People tend to say things like this about Crass: “I have no problem with mixing music and politics and I like the lyrics, but when the music is shitty, why bother??”  Usually this is more of a political statement that it appears.  If there is to be a real (anarchist) revolution, then the music and other cultural forms of the old regime must change too.  The sorts of music that rely on “great individual” tropes and reinforce hierarchies of power would all need to go.  Does anyone accuse Céline Dion or her ilk of being unmusical?  Symbolically, though, her music is all about the “great singer” and therefore inexorably bound to an undemocratic way of life.  So, really, these statements amount to saying that Crass’ politics are fine as far as they are consistent with political liberalism, but their music makes an unforgivable step beyond liberalism and therefore must be condemned.  Noam Chomsky, probably the most well-known public intellectual with anarchist beliefs, has made this point repeatedly, that liberals draw a line in the sand that they say cannot be crossed (to the left).  Well, Crass had no intention of ever recognizing such lines in the sand.  They weren’t going to get mired in an endless liberal discussion that guards the safety of the status quo by limiting action to the confines of polite debate.

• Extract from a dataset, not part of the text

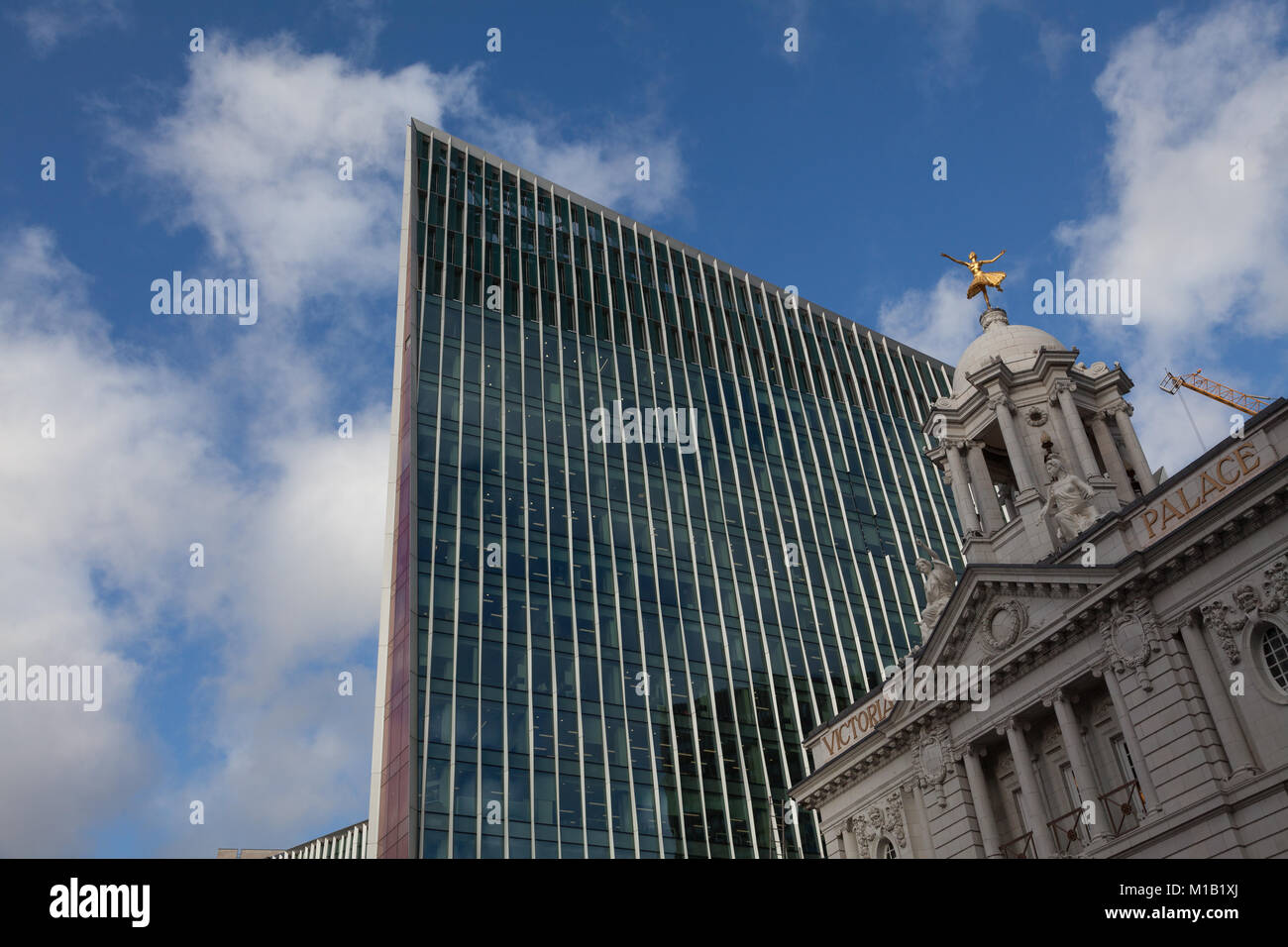 Ein großes, modernes Bürogebäude überragt das historische Victoria Palace Theatre in Victoria, London, Großbritannien Stockfoto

Drummer Penny Rimbaud wrote an essay/memoir entitled The Last of the Hippies: An Hysterical Romance.  While factions of the punk movement saw themselves as opposed to the hippes/yippies of the 1960s, others — like Crass — saw themselves as an extension of that earlier counter-cultural movement.  Yet, a common criticism during their heyday, as noted in the The Story of Crass, was that they advocated a middle-class sort of revolution.  Some critics saw a proletarian revolutionary stance as needing to be more communist than anarchist.

Regardless of what politics and ideologies listeners bring to Crass’ music, the important point is that Crass’ music was inexorably tied to their own politics.  It becomes rather difficult to separate out the politics from the musical forms.  What is intriguing about one should be intriguing about the other.  The flaws of one are the flaws of the other, too.  The criticisms from the communists hold some weight, though at the same time Crass’ music/politics hold some promise of ridiculing power in a manner that is difficult to corrupt — just try to pigeonhole Crass as “sellouts”!

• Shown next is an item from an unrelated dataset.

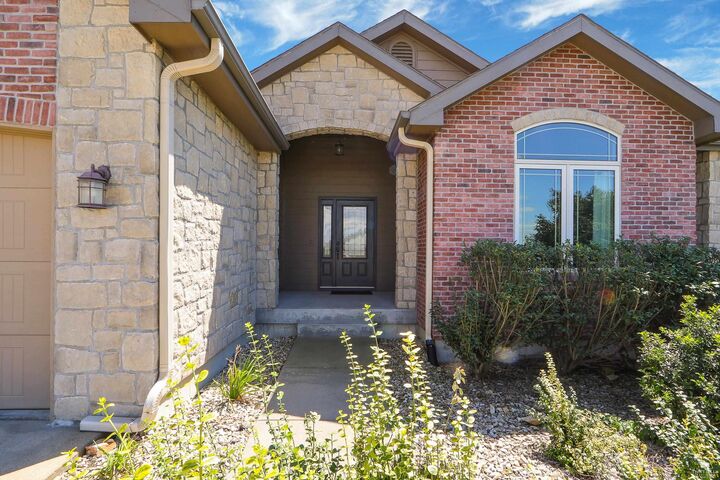 Property Photo: 3605 Eastridge Circle KS 66503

The follow-up album Penis Envy was more conventionally musical, and indeed a better album as such.  Stations of the Crass has a more in-your-face sound.  The guitars are louder and noisier, and a more prominent part of the music here.  The songs rely on mockery and puns (“Chairman of the Bored”).  Right from the opener, “Mother Earth,” Crass make clear that noise, the unwanted sound from the standpoint of established society, would be part of what they relied upon and celebrated.  The twin guitars deftly grind away.  This might not quite have the raw force of American sludge rock that would emerge shortly, but it shares some characteristics.